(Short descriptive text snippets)
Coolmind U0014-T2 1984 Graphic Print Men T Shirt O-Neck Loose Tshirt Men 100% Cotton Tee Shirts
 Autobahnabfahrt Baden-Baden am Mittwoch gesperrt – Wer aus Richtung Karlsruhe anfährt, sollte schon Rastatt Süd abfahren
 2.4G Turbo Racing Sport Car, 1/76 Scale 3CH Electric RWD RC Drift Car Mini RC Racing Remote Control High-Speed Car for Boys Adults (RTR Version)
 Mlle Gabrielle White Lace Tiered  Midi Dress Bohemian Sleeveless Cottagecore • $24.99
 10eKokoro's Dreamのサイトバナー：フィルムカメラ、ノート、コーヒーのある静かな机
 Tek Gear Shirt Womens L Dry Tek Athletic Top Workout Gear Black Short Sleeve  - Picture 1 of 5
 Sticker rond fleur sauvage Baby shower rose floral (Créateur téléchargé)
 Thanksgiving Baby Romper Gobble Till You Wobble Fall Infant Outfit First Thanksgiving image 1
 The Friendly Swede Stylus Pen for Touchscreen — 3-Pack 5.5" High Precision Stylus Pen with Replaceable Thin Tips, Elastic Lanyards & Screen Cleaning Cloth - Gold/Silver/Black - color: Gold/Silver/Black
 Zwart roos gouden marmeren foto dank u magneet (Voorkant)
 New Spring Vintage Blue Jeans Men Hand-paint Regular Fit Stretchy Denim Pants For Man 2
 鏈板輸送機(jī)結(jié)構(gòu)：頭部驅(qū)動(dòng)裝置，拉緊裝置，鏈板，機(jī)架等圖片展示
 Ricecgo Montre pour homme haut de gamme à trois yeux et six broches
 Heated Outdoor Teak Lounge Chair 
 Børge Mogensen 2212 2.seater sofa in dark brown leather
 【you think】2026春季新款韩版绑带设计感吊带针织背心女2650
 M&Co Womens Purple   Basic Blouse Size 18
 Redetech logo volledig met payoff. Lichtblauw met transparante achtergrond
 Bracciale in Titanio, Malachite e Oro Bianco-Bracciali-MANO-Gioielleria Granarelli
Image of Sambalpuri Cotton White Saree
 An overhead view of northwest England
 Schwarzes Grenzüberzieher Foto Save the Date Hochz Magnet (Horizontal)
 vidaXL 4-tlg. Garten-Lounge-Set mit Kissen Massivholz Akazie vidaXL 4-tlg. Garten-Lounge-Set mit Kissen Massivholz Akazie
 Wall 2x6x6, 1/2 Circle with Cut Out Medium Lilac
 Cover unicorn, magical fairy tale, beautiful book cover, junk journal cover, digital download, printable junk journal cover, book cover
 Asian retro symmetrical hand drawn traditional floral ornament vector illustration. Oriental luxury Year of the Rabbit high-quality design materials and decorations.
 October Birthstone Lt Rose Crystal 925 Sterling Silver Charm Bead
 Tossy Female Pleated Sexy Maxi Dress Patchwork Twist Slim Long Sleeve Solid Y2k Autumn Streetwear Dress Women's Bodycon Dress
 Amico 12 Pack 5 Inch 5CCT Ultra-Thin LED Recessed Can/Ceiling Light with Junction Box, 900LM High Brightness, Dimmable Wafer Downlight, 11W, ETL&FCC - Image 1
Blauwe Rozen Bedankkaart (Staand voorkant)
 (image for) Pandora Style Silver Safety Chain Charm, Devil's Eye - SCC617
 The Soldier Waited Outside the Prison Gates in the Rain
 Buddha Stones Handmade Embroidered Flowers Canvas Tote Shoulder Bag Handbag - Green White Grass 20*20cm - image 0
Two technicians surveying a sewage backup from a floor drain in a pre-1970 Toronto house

▶ [What is required]: Return, in full, every line of these entries that holds "Lounge".

▶ [Task answer]:
 Heated Outdoor Teak Lounge Chair 
 vidaXL 4-tlg. Garten-Lounge-Set mit Kissen Massivholz Akazie vidaXL 4-tlg. Garten-Lounge-Set mit Kissen Massivholz Akazie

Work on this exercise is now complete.